For me writer's block is not knowing where the story is going. Having no idea what you want to happen past what you have already written. This is a result of not having a plan for the story. Perhaps it was something that came as a flash idea or dream and the person ran with it. But because no extra thought was put into the planning they don't know where to go next. If a person knows where they want the characters to be at the end both mentally and physically, then the likelihood of writer's block is lessened.
 

Penpilot

Staff
Article Team
I kind of don't believe in writers block. It's not that one can't write. The fact that you wrote a post means you're not blocked from writing. You're just stuck on your story.

For me, I just push through. Choose a direction to go with your story and write. It may be the wrong direction, but at least then I'll eliminate one of the directions that doesn't work. Sometimes the first step to finding the right path is to start exploring the wrong paths. Eventually, enough of the wrong paths get eliminated so I can see the right one. Or I find that what I thought was a wrong path is really the right one.

There's a flaw in your story? Make a note to fix that in editing and keep going. Sometimes that flaw resolves itself the further into the story you go. Sometimes arriving at point Z inspires a solution to the problem.
 

skip.knox

toujours gai, archie
Moderator
I agree with the others. You're afraid. For me it was fear that I would be wasting my time. Writing to a dead end. I dealt with it by doing it. I wasted huge amounts of time.

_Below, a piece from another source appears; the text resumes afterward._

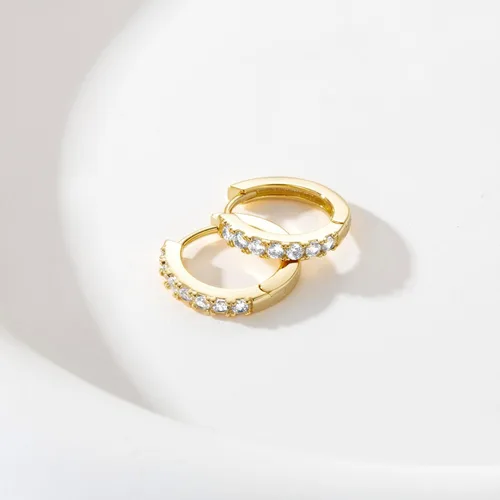 Vista 5 de NEARLAND Aretes de aro de oro de 14 quilates para mujer, aretes de aro de oro de 14 quilates, aretes de aro pequeños de oro hipoalergénicos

Then I discovered it wasn't wasted. It was necessary. Filed under "Won't Make THAT Mistake Again". I've got whole chapters for my novel that I've thrown out.
 

Philip Overby

Staff
Article Team
I also agree with what others have said. Especially about fear. I kind of wish writer's block wasn't a term. Instead it should be plainly called fear because that's what it is. Fear of what you write won't be good or it won't make sense or someone won't like it or that the wrong people will like it or something. There's nothing that can be really done about fear other than to confront it head on.

However, one huge thing separates writing fear and other forms of fear. If you screw up at work for example, you may be afraid to lose your job. Or if someone threatens you, you may be afraid for your life. Fear in writing is something that can always be fixed. Over and over and over. For example, if I start a story, I may have several things that concern me:

After Melissa cut her hair with the knife, she squeezed her head into the helmet. One way or another she was going to kill this *$@# dragon.

Now there are several things I may be fearful of:

1. I'm writing a female character, but I want her to be perceived as strong. Does cutting her hair make her more like a man? Will that bother different readers? Maybe Melissa should just tie her hair up. That might be better. So OK, that's Fear #1.
2. Does the wording seem clunky? Maybe I could streamline it more. I don't want readers to think my prose is weak. Perhaps I could edit that first sentence.
3. There's a dragon in the story. Will I attract readers who like dragons or disappoint them? Will they like what I come up with as far as the dragon? I want him to be a more bestial type, but some people like more intelligent dragons. I don't want to turn them off as readers. What should I do in this regard?
4. I used an expletive. Will readers that don't like cursing not like my book? Would they prefer my characters to talk more eloquently?
5. I suspect that there may be a fair amount of violence in this book. Does that bother me? Will this bother my readers? Should I tone it down to make it more accessible or stick with my gut?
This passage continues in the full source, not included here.